Fefferman’s identity is intimately entwined in the single work on the program. As New Focus succinctly describes it, “Here I Am is the culmination of a fifteen-year creative journey engaging and grappling with the ancient texts of the Hebrew Bible and writing music in response to her immersive process.” From this description one might expect an ultra-Orthodox work based either on cantorial singing or traditional Jewish folk roots. Folk songs and dances from Russia and the Pale of Settlement inspired the original movement for autonomous Jewish music in czarist Russia around 1900, which continued when the thrust of the movement moved to Israel. But evolution occurred in other directions, and today’s Israeli composers have gone much more international and eclectic.
Eclectic is the key word for Here I Am. It is “structured loosely in the form of an oratorio and scored for a group of solo and ensemble female voices, accompanied by a kind of chamber rock band.” In its most populist passages, we hear something akin to Godspell or Bernstein’s Mass.

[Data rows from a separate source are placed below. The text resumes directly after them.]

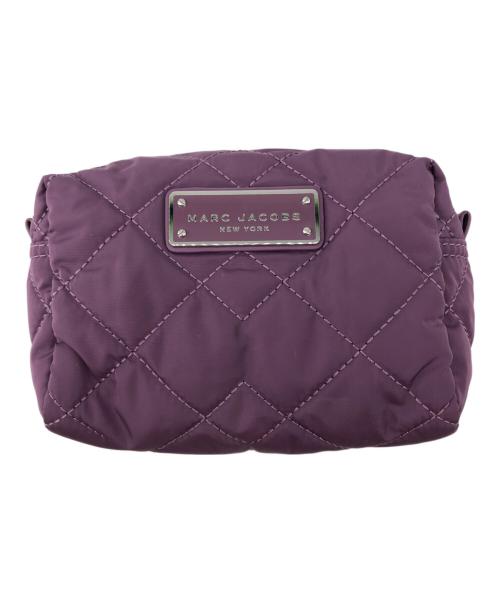 MARC JACOBS（マークジェイコブズ）MARC JACOBS (マークジェイコブス) キルティングポーチ パープルの古着・服飾アイテム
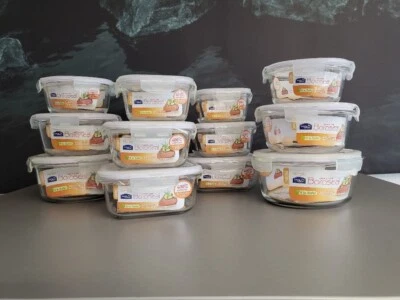 Lock&Lock Glas Serie Boroseal Starterset 1 (12 Stück) Glas-/Aufbewahrungsdosen - Bild 1 von 3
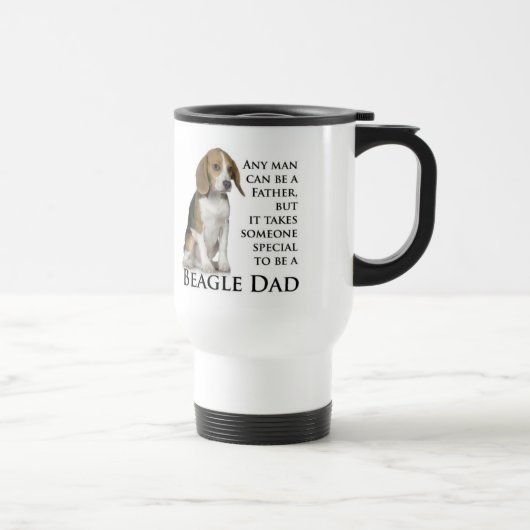 Beagle-Vater-Tasse Reisebecher (Rechts)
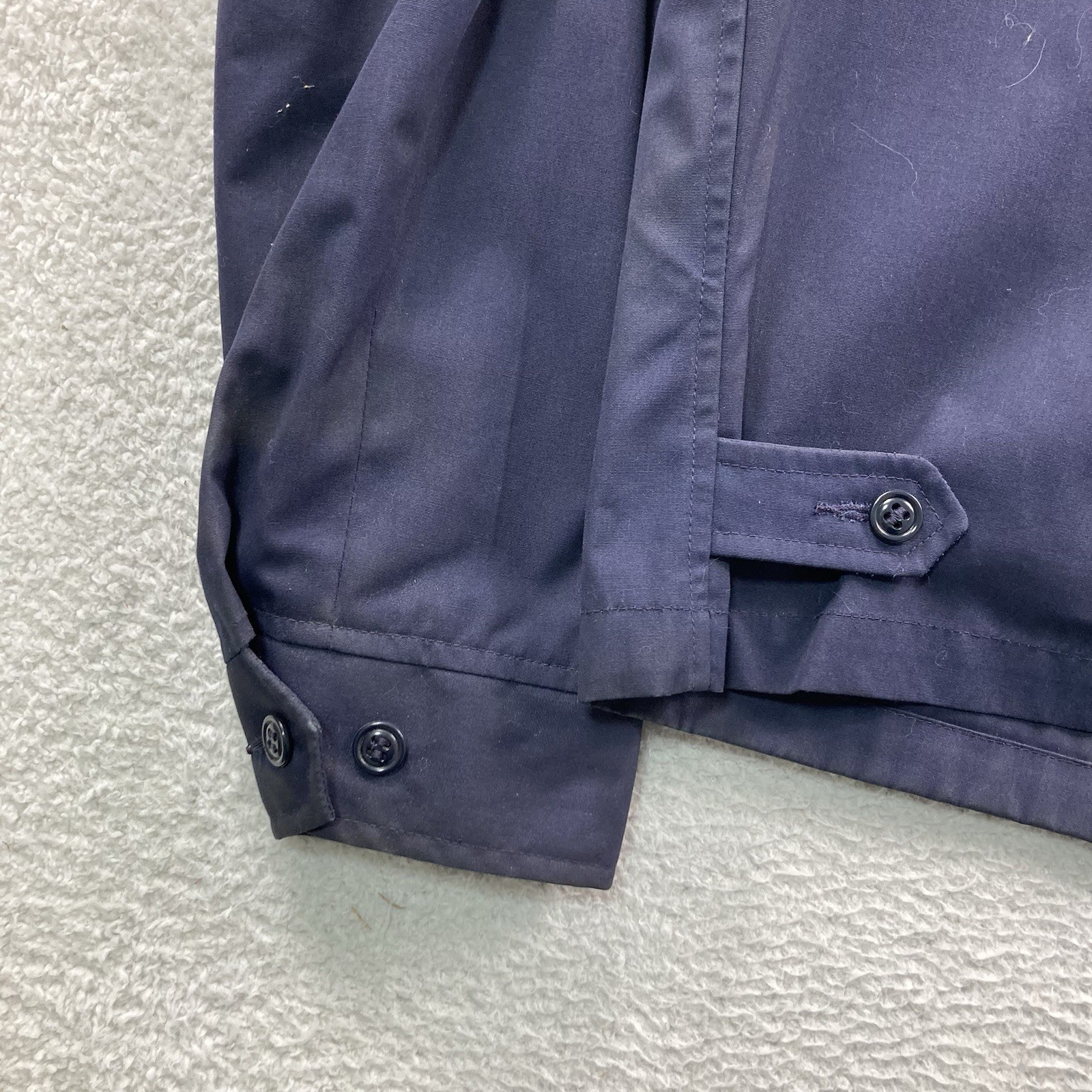 Vintage Blauer Military Jacket Men 42R Blue Ceiling Zero Full Zip Deck Air Force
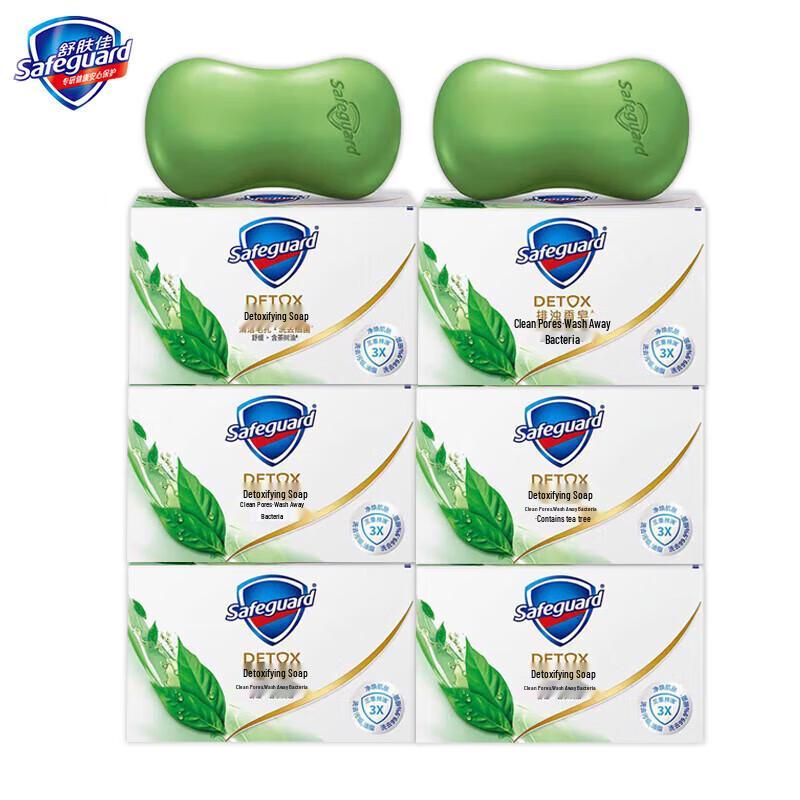 

Safeguard Soothing Tea Tree Oil Soap 6-Pack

This is part of a stylistic mélange that extends to contemporary gestures from the New Music playbook. Fefferman opens the work before the music starts by reciting from Numbers 1, “As the Lord commanded Moses, so did He number them in the wilderness of Sinia.” The work’s seven movements set texts from Genesis, Exodus, Numbers, Leviticus, and Deuteronomy, all presented in English, with some interspersed Hebrew (I think—these passages are very indistinct). The guiding principle, as the composer puts it, is that “I decided to make a piece that tours all of the emotional places the Torah sends me.”
It was a misstep not to include the biblical texts; we get only the references to chapter and verse. Although the spoken narration, parlando, and singing are generally clear, there are often times, as in the movement titled “Nephelim,” where the words are mumbled in an indecipherable undertone. The same holds for the enhanced overdubbed voices chanting in Offerings. When Fefferman describes herself as an advocate, I think that’s carried out in this piece by trying to find a living relationship with ancient religious texts—music is certainly a major step in that direction.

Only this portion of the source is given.